NFSD: Fix server hang when there are multiple layout conflicts

[Patch 0/2] NFSD: Fix server hang when there are multiple layout conflicts

Posted by Dai Ngo 3 months ago

When a layout conflict triggers a call to __break_lease, the function
nfsd4_layout_lm_break clears the fl_break_time timeout before sending
the CB_LAYOUTRECALL. As a result, __break_lease repeatedly restarts
its loop, waiting indefinitely for the conflicting file lease to be
released.

If the number of lease conflicts matches the number of NFSD threads (which
defaults to 8), all available NFSD threads become occupied. Consequently,
there are no threads left to handle incoming requests or callback replies,
leading to a total hang of the NFS server.

This issue is reliably reproducible by running the Git test suite on a
configuration using SCSI layout.

This patchset fixes this problem by introducing the new lm_breaker_timedout
operation to lease_manager_operations and using timeout for layout
lease break.

 Documentation/filesystems/locking.rst |  2 ++
 fs/locks.c                            | 14 +++++++++++---
 fs/nfsd/nfs4layouts.c                 | 25 +++++++++++++++++++++----
 include/linux/filelock.h              |  2 ++
 4 files changed, 36 insertions(+), 7 deletions(-)

Re: [Patch 0/2] NFSD: Fix server hang when there are multiple layout conflicts

Posted by Benjamin Coddington 3 months ago

On 6 Nov 2025, at 12:05, Dai Ngo wrote:

> When a layout conflict triggers a call to __break_lease, the function
> nfsd4_layout_lm_break clears the fl_break_time timeout before sending
> the CB_LAYOUTRECALL. As a result, __break_lease repeatedly restarts
> its loop, waiting indefinitely for the conflicting file lease to be
> released.
>
> If the number of lease conflicts matches the number of NFSD threads (which
> defaults to 8), all available NFSD threads become occupied.

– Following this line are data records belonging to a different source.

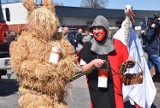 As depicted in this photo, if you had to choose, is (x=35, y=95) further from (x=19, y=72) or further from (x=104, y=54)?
(x=104, y=54)

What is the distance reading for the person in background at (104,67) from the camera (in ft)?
14.5

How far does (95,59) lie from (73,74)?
0.30 meters

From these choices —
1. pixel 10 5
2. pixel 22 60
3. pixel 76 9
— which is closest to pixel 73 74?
pixel 22 60

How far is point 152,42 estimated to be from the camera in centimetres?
1029

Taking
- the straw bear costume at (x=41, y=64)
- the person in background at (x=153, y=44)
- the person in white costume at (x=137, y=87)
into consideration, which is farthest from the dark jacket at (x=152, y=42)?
the straw bear costume at (x=41, y=64)

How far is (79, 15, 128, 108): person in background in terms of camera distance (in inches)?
174

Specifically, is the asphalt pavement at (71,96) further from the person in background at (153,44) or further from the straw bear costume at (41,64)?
the straw bear costume at (41,64)

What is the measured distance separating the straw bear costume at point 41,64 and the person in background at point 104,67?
228 mm

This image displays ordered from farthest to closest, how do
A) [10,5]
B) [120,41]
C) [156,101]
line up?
[10,5], [156,101], [120,41]

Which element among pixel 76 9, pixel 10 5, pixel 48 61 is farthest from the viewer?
pixel 76 9

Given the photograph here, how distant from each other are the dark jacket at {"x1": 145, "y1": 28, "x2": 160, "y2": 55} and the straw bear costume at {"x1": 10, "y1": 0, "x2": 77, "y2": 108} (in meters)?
5.97

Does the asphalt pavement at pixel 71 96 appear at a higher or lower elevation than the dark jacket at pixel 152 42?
lower

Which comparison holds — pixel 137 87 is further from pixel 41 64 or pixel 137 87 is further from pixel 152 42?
pixel 152 42

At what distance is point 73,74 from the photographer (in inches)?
175
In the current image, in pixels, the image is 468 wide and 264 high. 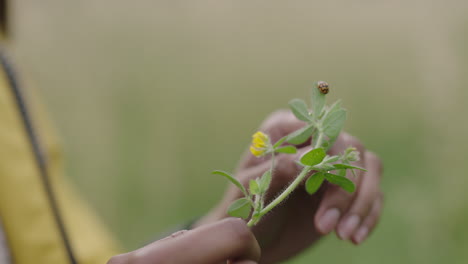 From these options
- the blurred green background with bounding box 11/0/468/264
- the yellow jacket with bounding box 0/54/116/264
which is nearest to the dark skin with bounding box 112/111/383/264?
the yellow jacket with bounding box 0/54/116/264

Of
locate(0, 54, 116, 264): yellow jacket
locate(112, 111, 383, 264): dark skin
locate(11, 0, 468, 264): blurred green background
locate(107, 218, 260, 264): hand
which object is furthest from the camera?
locate(11, 0, 468, 264): blurred green background

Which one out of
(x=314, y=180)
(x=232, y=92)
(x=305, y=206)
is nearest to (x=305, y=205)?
(x=305, y=206)

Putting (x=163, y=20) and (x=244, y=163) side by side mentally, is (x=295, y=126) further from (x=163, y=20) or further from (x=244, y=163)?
(x=163, y=20)

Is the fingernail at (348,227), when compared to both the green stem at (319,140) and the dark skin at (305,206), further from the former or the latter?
the green stem at (319,140)

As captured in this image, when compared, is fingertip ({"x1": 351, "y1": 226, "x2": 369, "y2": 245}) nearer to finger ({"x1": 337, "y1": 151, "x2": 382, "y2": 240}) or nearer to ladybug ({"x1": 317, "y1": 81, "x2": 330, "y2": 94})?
finger ({"x1": 337, "y1": 151, "x2": 382, "y2": 240})

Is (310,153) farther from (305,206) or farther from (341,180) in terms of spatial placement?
(305,206)

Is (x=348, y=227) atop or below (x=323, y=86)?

Consequently,
> there are no threads left to handle incoming requests or callback replies,
> leading to a total hang of the NFS server.
>
> This issue is reliably reproducible by running the Git test suite on a
> configuration using SCSI layout.
>
> This patchset fixes this problem by introducing the new lm_breaker_timedout
> operation to lease_manager_operations and using timeout for layout
> lease break.

Hey Dai,

I like your solution here, but I worry it can cause unexpected or
unnecessary client fencing when the problem is server-side (not enough
threads).  Clients might be dutifully sending LAYOUTRETURN, but the server
can't service them - and this change will cause some potentially unexpected
fencing in environments where things could be fixed (by adding more knfsd
threads).  Also, I think we significantly bumped default thread counts
recently in nfs-utils:
eb5abb5c60ab (tag: nfs-utils-2-8-2-rc3) nfsd: dump default number of threads to 16

You probably have already seen previous discussions about this:
https://lore.kernel.org/linux-nfs/1CC82EC5-6120-4EE4-A7F0-019CF7BC762C@redhat.com/

This also changes the behavior for all layouts, I haven't thought through
the implications of that - but I wish we could have knob for this behavior,
or perhaps a knfsd-specific fl_break_time tuneable.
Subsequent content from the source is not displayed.